Crisi in Italia: cresce il preoccupante fenomeno dei suicidi tra gli imprenditori


Sono ormai 20 gli imprenditori e artigiani che nell’ultimo anno e mezzo si sono tolti la vita nel nordest italiano. La causa principale è da attribuire alla crisi economica che ha messo in ginocchio il tessuto produttivo della zona, fatto di piccole imprese. Le attività più colpite sono quelle edili, del legno e il comparto tessile. Oltre all’aspetto economico c’è anche la difficoltà ad accettare il fallimento.

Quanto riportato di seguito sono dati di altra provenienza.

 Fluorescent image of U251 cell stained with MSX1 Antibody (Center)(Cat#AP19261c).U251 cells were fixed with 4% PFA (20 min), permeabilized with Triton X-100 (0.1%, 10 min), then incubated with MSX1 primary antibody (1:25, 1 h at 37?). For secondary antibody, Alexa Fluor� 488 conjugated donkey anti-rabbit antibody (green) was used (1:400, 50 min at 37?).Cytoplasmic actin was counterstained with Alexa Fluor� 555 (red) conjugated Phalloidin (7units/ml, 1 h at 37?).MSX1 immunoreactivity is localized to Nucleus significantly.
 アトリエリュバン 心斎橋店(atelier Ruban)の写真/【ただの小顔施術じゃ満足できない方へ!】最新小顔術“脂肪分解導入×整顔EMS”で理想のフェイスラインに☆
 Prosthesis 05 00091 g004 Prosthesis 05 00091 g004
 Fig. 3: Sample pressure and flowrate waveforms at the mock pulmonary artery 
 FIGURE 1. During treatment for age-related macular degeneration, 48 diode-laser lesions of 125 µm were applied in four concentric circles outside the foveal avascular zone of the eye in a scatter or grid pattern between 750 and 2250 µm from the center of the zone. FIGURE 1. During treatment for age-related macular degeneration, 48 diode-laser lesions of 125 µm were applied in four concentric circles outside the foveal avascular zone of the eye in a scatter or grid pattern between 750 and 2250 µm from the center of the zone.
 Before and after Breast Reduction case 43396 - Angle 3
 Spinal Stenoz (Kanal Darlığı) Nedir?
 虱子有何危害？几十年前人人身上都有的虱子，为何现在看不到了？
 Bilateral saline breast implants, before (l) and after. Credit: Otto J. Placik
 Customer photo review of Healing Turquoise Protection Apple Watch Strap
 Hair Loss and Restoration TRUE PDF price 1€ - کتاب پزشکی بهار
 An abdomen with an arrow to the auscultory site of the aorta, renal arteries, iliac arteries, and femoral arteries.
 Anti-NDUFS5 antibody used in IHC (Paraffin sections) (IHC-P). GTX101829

Su questo preoccupante fenomeno, Enrico Dal Bianco ha sentito Daniele Marini, Direttore della Fondazione Nordest:RealAudioMP3

R. – Credo sia utile precisare che non riguarda un fenomeno eminentemente del Nord-est perché si sono verificati anche altri casi in Toscana, in Lombardia e altrove. E’ chiaro che qui avvengono con una frequenza maggiore perché è più diffusa la presenza di piccole, piccolissime imprese. C’è la questione che la crisi si sta facendo sentire, in particolare su queste imprese.
 
D. – L’imprenditore non riesce ad accettare il fallimento…
 
R. – Sì. C’è un problema di natura culturale in generale nel nostro Paese, cioè che noi non abbiamo una cultura del fallimento esattamente come nei Paesi anglosassoni, dove il fallimento dell’impresa è considerato naturale nella possibile storia di un’impresa. Da noi, invece, c’è una sorta di “stigma sociale” che viene particolarmente acuito anche dal fatto che queste microimprese spesso sono originate da ex lavoratori dipendenti che si mettono in proprio e magari assumono altri ex colleghi e quindi ecco che la connotazione di profondo radicamento nel territorio tende ad aumentare questo livello di percezione. E poi anche la nostra legislazione è fortemente penalizzante per l’impresa che fallisce.
 
D. – L’imprenditore considera la propria attività quasi come una famiglia allargata. Tra le cause di questi gesti estremi c’è anche l’incapacità di accettare l’idea di dover licenziare i propri dipendenti?
 
R. – I casi ci dicono di come questi imprenditori si siano privati di quelli che sono i loro risparmi pur di non far mancare le risorse ai propri lavoratori e che poi, purtroppo, arrivati all’ultima spiaggia decidono questi gesti estremi.
 
D. – Come potrebbe intervenire lo Stato per far fronte a questa difficile situazione sociale?
 
R. – Ovviamente è difficile, anche perché ognuno di questi casi ha una storia a sé. E’ chiaro che qui bisogna spingere a fare da un lato un salto culturale a queste imprese ad aggregarsi e ad uscire dall’isolamento e dall’individualismo, perché oggi la competizione internazionale richiede dimensioni e strutture più solide di quelle delle microimprese. Poi c’è un’azione che riguarda il sostegno bancario, il sostegno al credito di queste imprese, che dovrebbero essere aiutate a superare queste fasi di scarsa liquidità di cui dispongono.
 
D. – Quali sono le previsioni economiche per il futuro del nordest?
 
R. – Qualcosa sembra muoversi con alcuni segnali positivi, però ciò non sembra coinvolgere l’occupazione che rimane, negli indicatori congiunturali, sempre con il segno meno davanti.